* EXERCISE DETAILS *
Each line below from the line with "Light And Motion-Anthony" to the line with "P9031131.png" must be copied exactly, including those two, and no picture may appear in the copy.

* DATA SECTION *
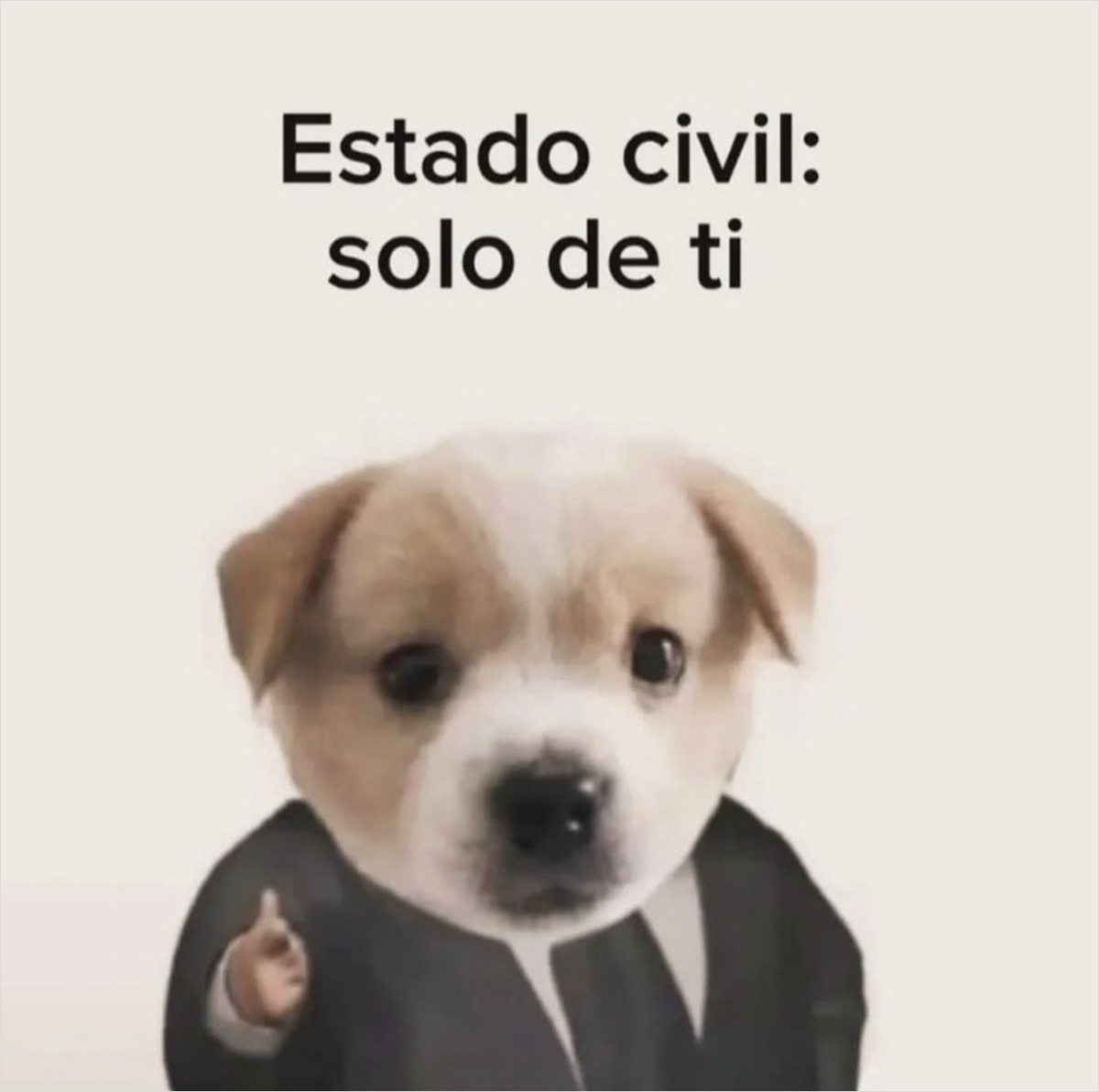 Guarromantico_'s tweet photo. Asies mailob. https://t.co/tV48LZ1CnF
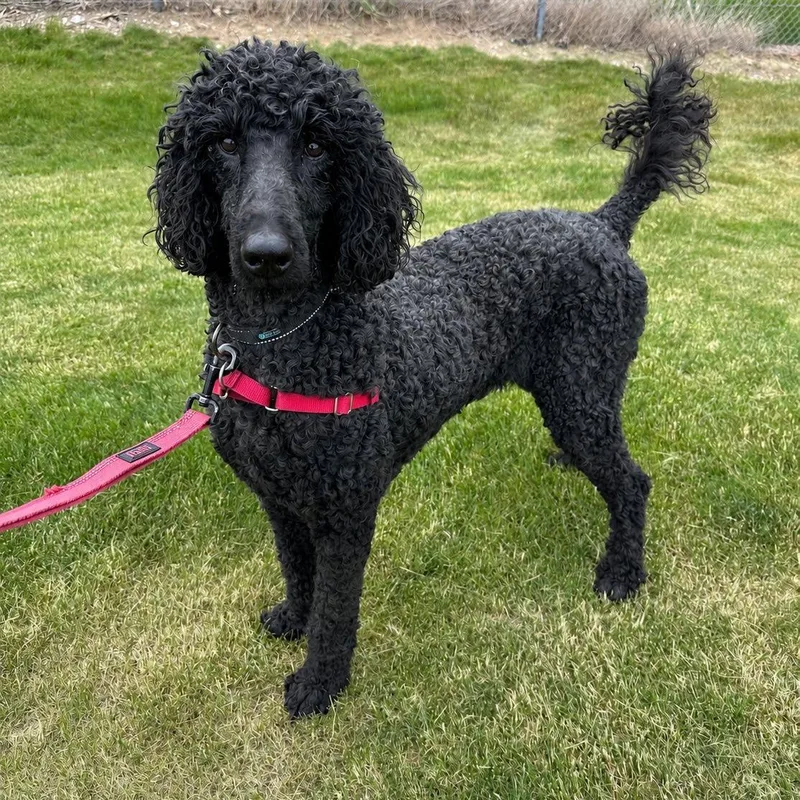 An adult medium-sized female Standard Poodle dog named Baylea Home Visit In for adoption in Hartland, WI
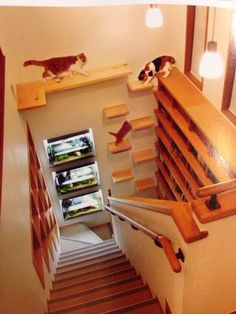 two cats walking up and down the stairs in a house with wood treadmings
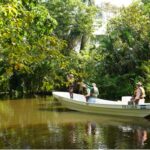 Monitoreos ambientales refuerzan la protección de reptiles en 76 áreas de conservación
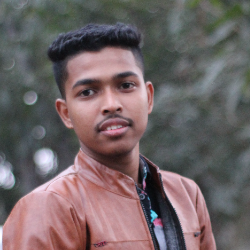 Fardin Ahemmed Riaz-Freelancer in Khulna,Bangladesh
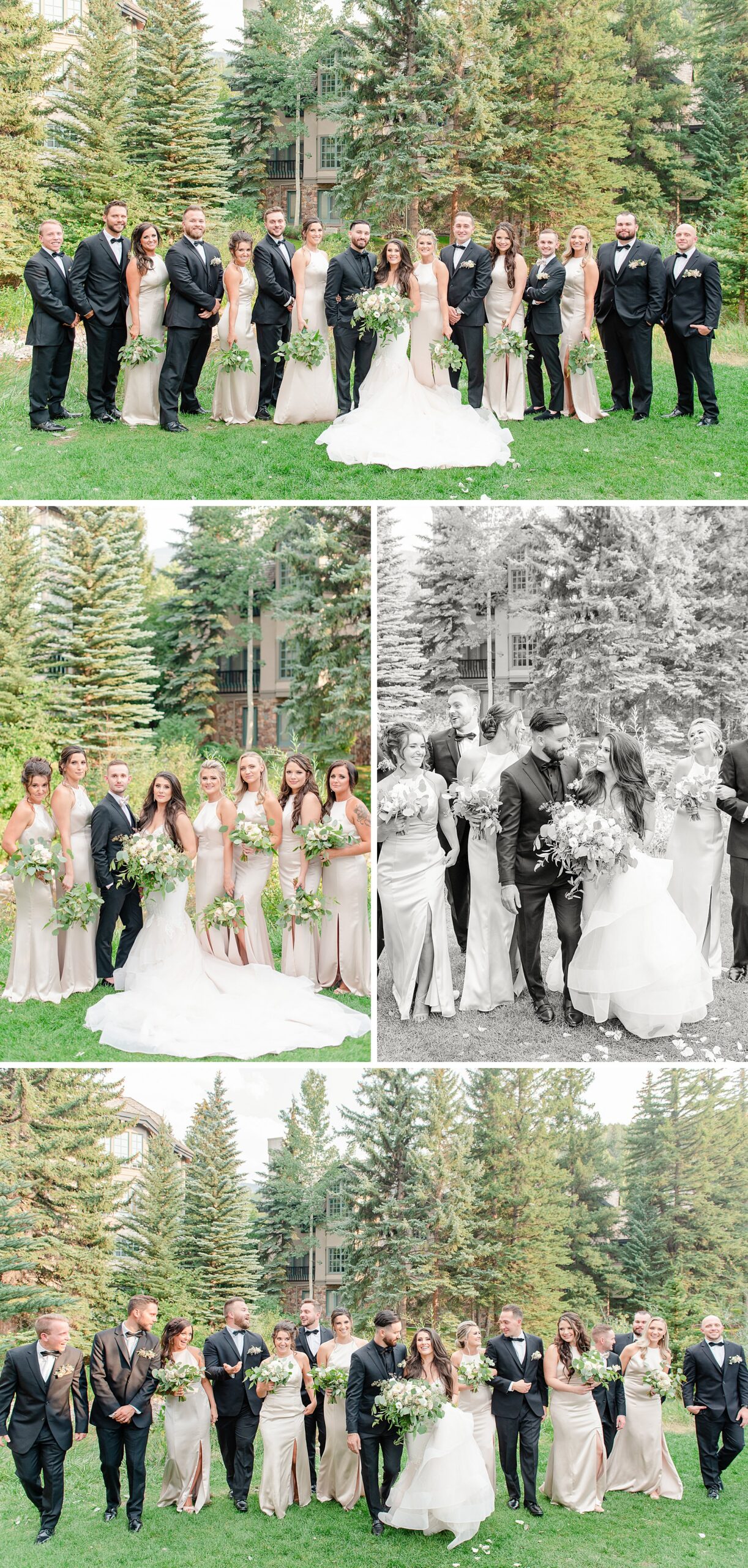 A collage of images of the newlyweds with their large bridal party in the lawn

...

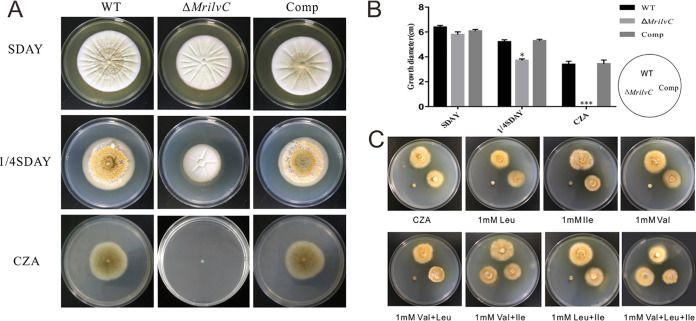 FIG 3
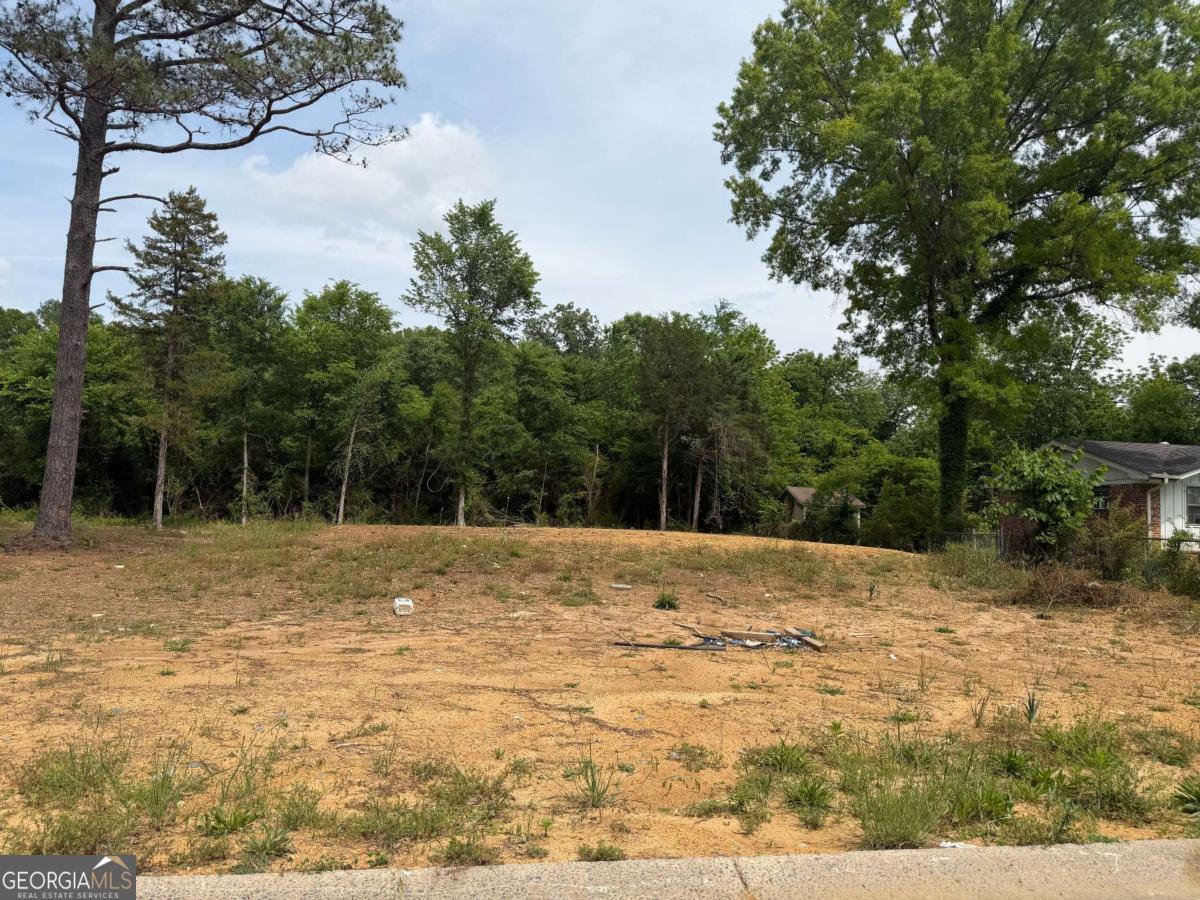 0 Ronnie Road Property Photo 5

==

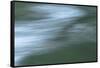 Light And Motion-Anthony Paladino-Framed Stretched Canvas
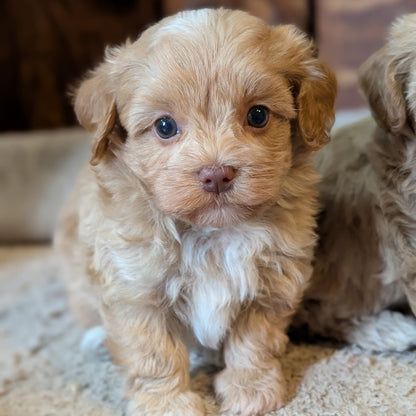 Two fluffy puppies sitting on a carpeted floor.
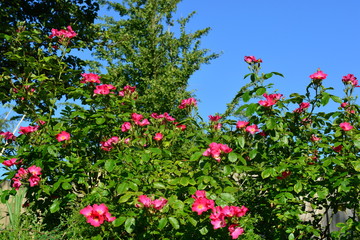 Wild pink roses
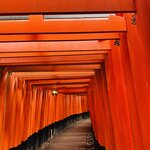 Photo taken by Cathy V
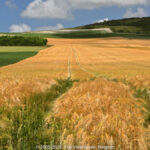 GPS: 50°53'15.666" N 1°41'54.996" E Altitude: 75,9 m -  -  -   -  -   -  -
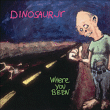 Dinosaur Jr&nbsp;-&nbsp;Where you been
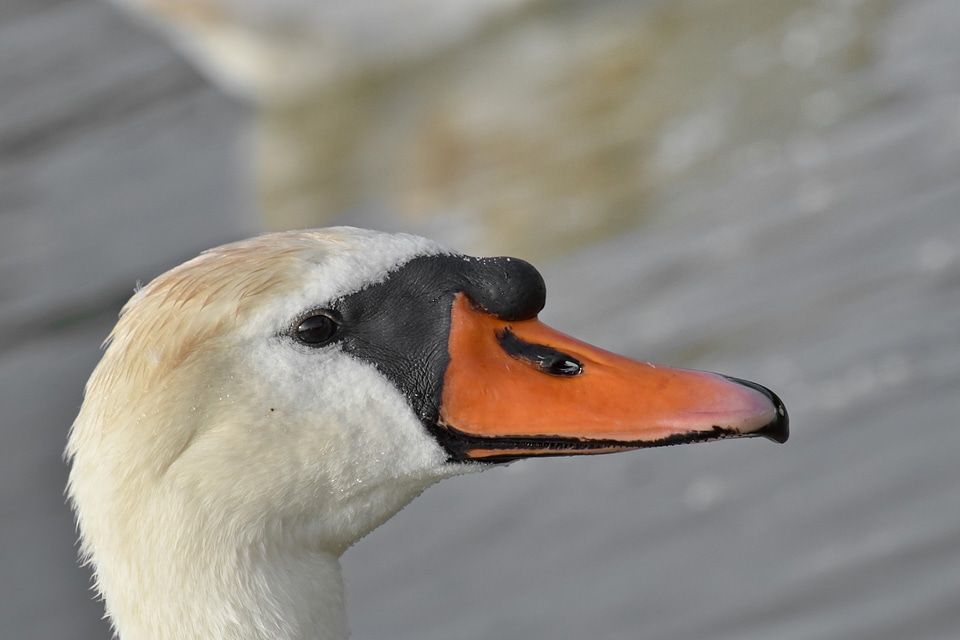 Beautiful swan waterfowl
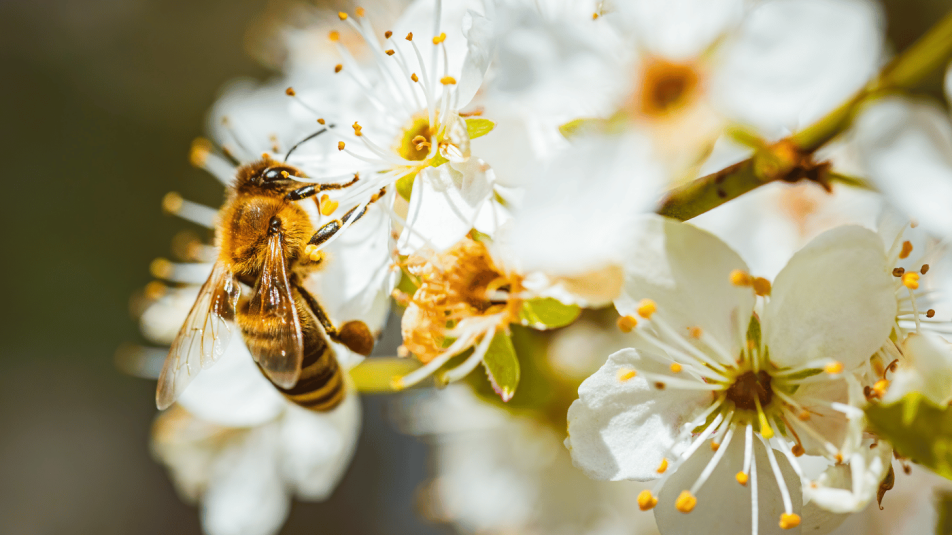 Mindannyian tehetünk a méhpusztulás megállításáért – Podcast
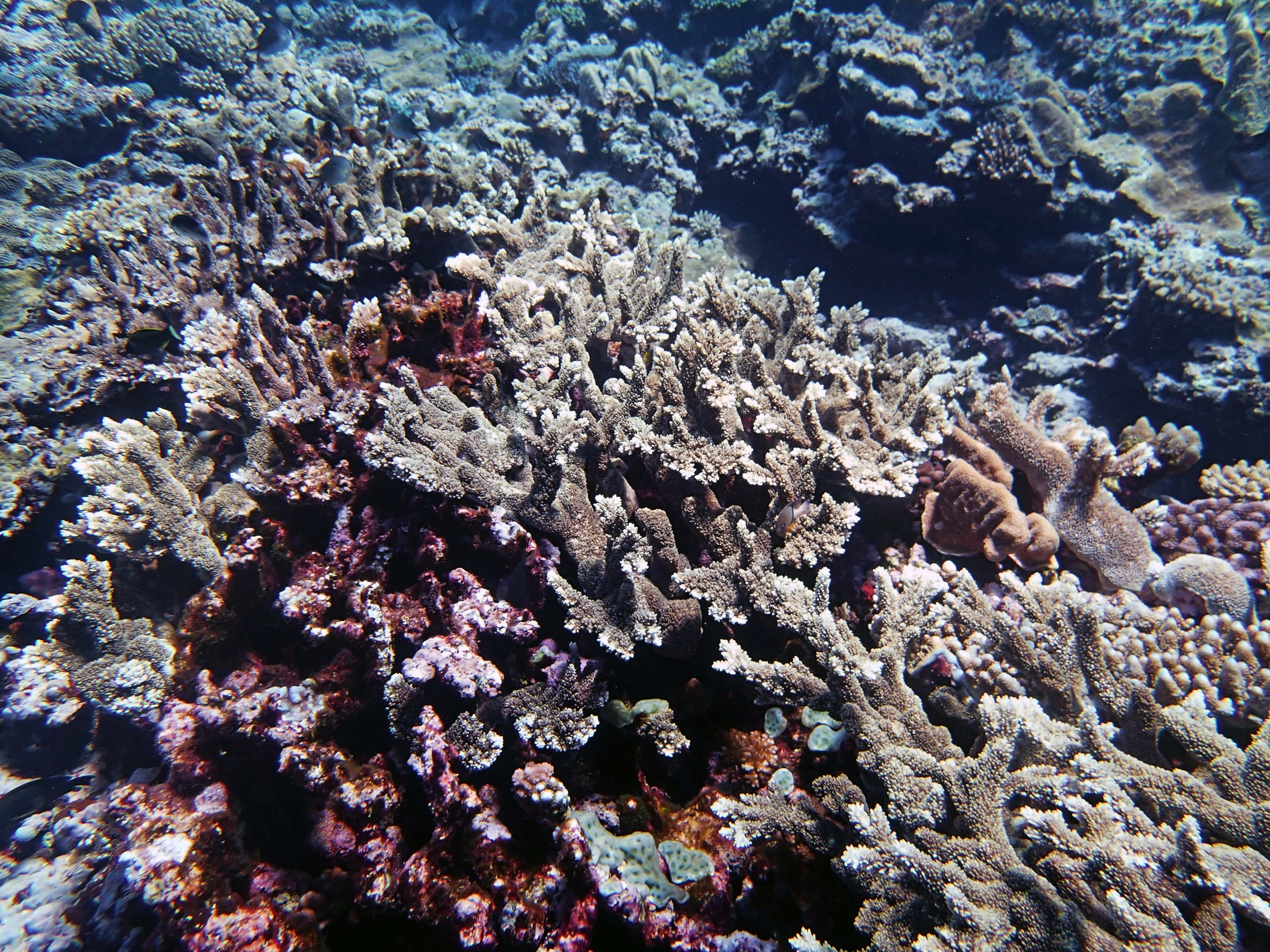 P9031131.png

* ANSWER BELOW *
 Light And Motion-Anthony Paladino-Framed Stretched Canvas
 Two fluffy puppies sitting on a carpeted floor.
 Wild pink roses
 Photo taken by Cathy V
 GPS: 50°53'15.666" N 1°41'54.996" E Altitude: 75,9 m -  -  -   -  -   -  -
 Dinosaur Jr&nbsp;-&nbsp;Where you been
 Beautiful swan waterfowl
 Mindannyian tehetünk a méhpusztulás megállításáért – Podcast
 P9031131.png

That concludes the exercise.